PURPOSE: The prognosis for fetuses with large congenital cystic adenomatoid malformations (CCAMs) remains uncertain. This study examined the natural history of large fetal CCAMs managed expectantly at a major referral center.

METHODS: A 5-year retrospective review was conducted on fetuses diagnosed with a thoracic lesion (n = 59). Large CCAMs were identified on prenatal imaging and followed longitudinally. Perinatal outcomes were assessed.
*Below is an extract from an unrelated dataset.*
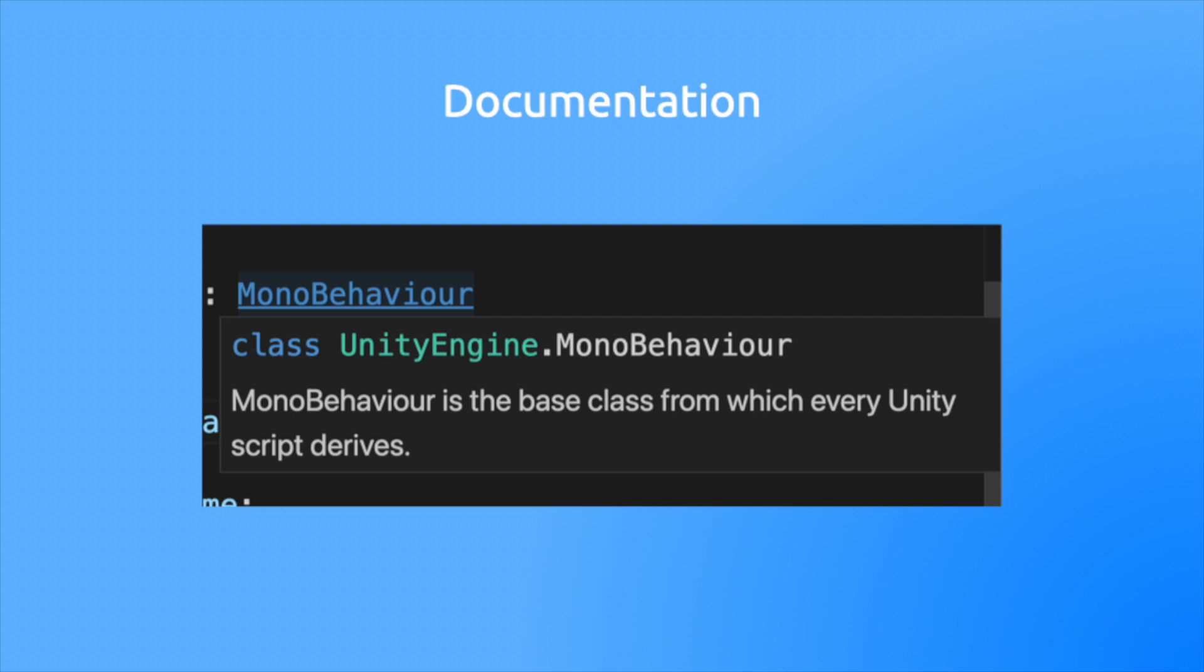Some editors will even include inline documentation. Okay, let's dive in. But before we do that, here's a message from my sponsor, Cadeco.com.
RESULTS: Twelve (20.3%) fetuses had large CCAMs in the absence of other congenital anomalies. Peak CCAM size occurred at 25.3 +/- 3.6 weeks' gestation. Serial magnetic resonance volumetry demonstrated a trend toward decreasing CCAM mass volume relative to thoracic cavity volume over time. Overall, 6 patients, including 3 with signs of early hydrops, showed a marked regression of their lesions relative to estimated fetal weight. Five fetuses required an emergent intervention postnatally, including extracorporeal membrane oxygenation support (n = 1), cyst aspiration (n = 1), and lung resection (n = 5). Overall survival was 75%, with severe hydrops before 30 weeks seen in all 3 deaths.

CONCLUSION: Large fetal CCAMs tend to peak in size at 25 weeks' gestation and are characterized by in utero diminution relative to overall fetal growth. The prognosis for most fetuses with large CCAMs remains quite favorable under careful perinatal management.